Profiles: Google Scholar | ORCID | Scopus 

Featured Publications

1. Kong, X., Yang, J., & Yang, Z. (2015). Measuring traffic congestion with taxi GPS data and travel time index. Proceedings of the CICTP 2015, 3751–3762. Cited By : 35

2. Kong, X., & Yang, J. (2019). A scenario-based map-matching algorithm for complex urban road network. Journal of Intelligent Transportation Systems, 23(6), 617–631.
Cited By : 19

3. Kong, X., Yang, J., Qiu, J., Zhang, Q., Chen, X., Wang, M., & Jiang, S. (2022). Post‐event flood mapping for road networks using taxi GPS data. Journal of Flood Risk Management,  Cited By : 8

4. Xiangfu, K., Bo, D., Xu, K., & Yongliang, T. (2023). Text classification model for livelihood issues based on BERT: A study based on hotline compliant data of Zhejiang province. Acta Scientiarum Naturalium Universitatis Pekinensis, 59(3), 456–466. Cited By : 3

5. Kong, X., & Yang, J. (2016). Path planning with information on travel time reliability. Proceedings of the CICTP 2016, 99–107. Cited By :  2

6. Kong, X., Yang, J., Xu, K., Dong, B., & Jiang, S. (2023). A Bayesian updating framework for calibrating hydrological parameters of road network using taxi GPS data. Hydrology and Earth System Sciences Discussions, 1–25.

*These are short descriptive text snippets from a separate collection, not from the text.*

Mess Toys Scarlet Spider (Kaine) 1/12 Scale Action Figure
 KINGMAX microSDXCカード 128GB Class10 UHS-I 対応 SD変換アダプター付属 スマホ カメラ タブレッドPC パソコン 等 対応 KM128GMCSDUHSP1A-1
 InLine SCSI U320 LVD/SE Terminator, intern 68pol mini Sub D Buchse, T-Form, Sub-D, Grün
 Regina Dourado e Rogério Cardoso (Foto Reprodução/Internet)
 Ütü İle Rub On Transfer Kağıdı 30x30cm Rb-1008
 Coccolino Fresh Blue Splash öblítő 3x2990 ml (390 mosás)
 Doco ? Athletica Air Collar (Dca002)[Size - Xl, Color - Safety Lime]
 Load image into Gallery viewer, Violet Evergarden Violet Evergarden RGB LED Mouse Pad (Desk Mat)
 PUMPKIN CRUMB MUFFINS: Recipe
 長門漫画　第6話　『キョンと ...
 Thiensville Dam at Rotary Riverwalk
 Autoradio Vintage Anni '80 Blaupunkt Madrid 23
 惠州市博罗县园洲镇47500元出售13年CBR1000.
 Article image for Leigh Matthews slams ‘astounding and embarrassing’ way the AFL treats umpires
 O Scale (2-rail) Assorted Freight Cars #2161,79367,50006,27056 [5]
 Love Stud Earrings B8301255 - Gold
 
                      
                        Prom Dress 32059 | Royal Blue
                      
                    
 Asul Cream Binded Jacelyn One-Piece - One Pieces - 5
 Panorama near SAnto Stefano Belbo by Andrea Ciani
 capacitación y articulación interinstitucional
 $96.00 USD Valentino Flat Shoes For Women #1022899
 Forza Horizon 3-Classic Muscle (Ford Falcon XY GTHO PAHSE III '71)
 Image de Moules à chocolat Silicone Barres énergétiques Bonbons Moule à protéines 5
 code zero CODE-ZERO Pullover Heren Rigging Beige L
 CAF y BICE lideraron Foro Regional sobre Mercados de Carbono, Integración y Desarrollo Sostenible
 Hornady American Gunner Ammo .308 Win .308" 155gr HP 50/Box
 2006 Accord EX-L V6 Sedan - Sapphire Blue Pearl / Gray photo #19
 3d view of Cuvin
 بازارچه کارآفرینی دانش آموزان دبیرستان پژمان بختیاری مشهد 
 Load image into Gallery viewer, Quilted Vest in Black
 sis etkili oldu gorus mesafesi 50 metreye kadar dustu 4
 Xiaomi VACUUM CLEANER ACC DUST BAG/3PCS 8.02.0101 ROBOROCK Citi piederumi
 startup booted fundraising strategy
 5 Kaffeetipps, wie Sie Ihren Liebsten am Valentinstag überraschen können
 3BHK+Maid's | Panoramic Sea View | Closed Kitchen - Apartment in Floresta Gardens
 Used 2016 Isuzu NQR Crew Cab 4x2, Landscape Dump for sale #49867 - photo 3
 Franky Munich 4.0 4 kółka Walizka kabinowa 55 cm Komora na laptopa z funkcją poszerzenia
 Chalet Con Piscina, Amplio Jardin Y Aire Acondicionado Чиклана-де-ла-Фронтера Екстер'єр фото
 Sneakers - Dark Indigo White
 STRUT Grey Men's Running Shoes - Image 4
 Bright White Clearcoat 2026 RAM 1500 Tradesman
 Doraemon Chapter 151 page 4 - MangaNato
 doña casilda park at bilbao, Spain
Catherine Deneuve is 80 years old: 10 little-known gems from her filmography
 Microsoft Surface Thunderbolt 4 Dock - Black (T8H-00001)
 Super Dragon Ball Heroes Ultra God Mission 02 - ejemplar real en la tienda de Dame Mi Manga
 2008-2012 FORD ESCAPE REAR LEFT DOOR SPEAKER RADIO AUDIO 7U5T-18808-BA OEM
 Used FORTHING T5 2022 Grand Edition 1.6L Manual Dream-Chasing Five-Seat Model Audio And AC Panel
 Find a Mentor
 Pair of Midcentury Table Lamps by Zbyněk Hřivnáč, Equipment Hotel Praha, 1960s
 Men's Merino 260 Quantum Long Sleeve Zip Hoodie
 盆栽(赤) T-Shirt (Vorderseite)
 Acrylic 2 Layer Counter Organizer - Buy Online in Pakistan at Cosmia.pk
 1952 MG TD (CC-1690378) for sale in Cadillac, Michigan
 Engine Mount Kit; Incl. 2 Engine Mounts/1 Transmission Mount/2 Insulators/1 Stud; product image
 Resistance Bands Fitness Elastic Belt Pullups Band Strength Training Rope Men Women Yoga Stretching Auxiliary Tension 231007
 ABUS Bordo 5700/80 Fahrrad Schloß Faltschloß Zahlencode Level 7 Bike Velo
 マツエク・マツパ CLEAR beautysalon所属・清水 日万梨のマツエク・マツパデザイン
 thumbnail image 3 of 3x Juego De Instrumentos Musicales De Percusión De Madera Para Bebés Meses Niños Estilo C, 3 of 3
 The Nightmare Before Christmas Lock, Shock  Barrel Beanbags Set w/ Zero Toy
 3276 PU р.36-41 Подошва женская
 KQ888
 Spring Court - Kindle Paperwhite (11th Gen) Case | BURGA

Dr. Xiangfu Kong nresearch advances data-driven intelligent transportation and urban informatics, fostering safer, more efficient, and sustainable mobility systems. His innovative integration of AI, GPS analytics, and hydrological modeling contributes to scientific progress, climate-resilient infrastructure, and smart city innovation with lasting global impact.